Die meisten Bücher und Artikel, die über »Klimapolitik« geschrieben worden sind, handeln von solchen internationalen Vereinbarungen. Ich möchte hier die vielleicht provozierende Behauptung aufstellen, dass es bis heute keine schlagkräftige Politik gegen den Klimawandel gibt, insbesondere nicht auf nationaler Ebene, wo die Mehrzahl der nötigen Maßnahmen ergriffen werden müssten. Will sagen: Es gibt keine ausgearbeitete Analyse der politischen Veränderungen, die wir vornehmen müssen, wenn unsere Bestrebungen, den Klimawandel zu stoppen, Wirklichkeit werden sollen. Ich möchte im Folgenden versuchen, einige der Fragen zu klären, die gestellt und beantwortet werden müssen – ohne dass ich einen Anspruch auf Vollständigkeit erhebe. Danach werde ich einen genaueren Blick auf Großbritannien werfen, als Beispielfall für die Probleme und Chancen, wie sie sich in mehr oder weniger allen Industrieländern darstellen, soweit diese sich um politische Lösungen bemühen, die tatsächlich etwas bewirken. Zunächst einmal scheint es mir jedoch ratsam, kurz auf den Stand der Dinge in der Klimadebatte als solcher einzugehen.

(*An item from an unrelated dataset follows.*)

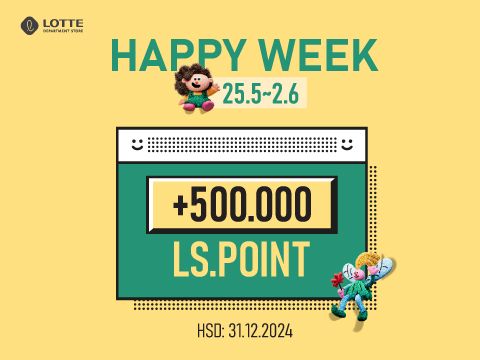 HAPPY WEEK | TẶNG ĐẾN 500.000 LS.POINT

Der Klimawandel: die Debatte

Nur sehr wenige Aspekte des Klimawandels sind unumstritten, und die Kontroversen zwischen den Protagonisten sind oft heftig und teils sogar bitter. Drei unterschiedliche Positionen lassen sich ausmachen. Auf der einen Seite gibt es Klimawandel-Skeptiker, die sagen, die These, dass die derzeit beobachtbaren Phänomene der globalen Erwärmung durch den Menschen verursacht seien, sei nicht erwiesen. Sie berufen sich darauf, dass es in der Erdgeschichte Klima-Fluktuationen als Folge natürlicher Vorgänge schon immer gegeben hat. Was gegenwärtig passiere, sei im Prinzip nichts anderes. Andere Skeptiker räumen ein, dass wir gegenwärtig einen Klimawandel erleben und dass menschliche Aktivitäten dazu beitragen, behaupten jedoch, die damit einhergehenden Gefahren würden übertrieben. Für diese Leute stellen andere globale Probleme wie Armut, AIDS oder die potentielle Verbreitung von Atomwaffen akutere und größere Bedrohungen dar als der Klimawandel. Die Zahl dieser Skeptiker ist in den letzten Jahren in dem Maß, wie die wissenschaftliche Erforschung des Klimawandels vorangekommen ist, erheblich geschrumpft, aber sie finden nach wie vor eine gehörige Resonanz.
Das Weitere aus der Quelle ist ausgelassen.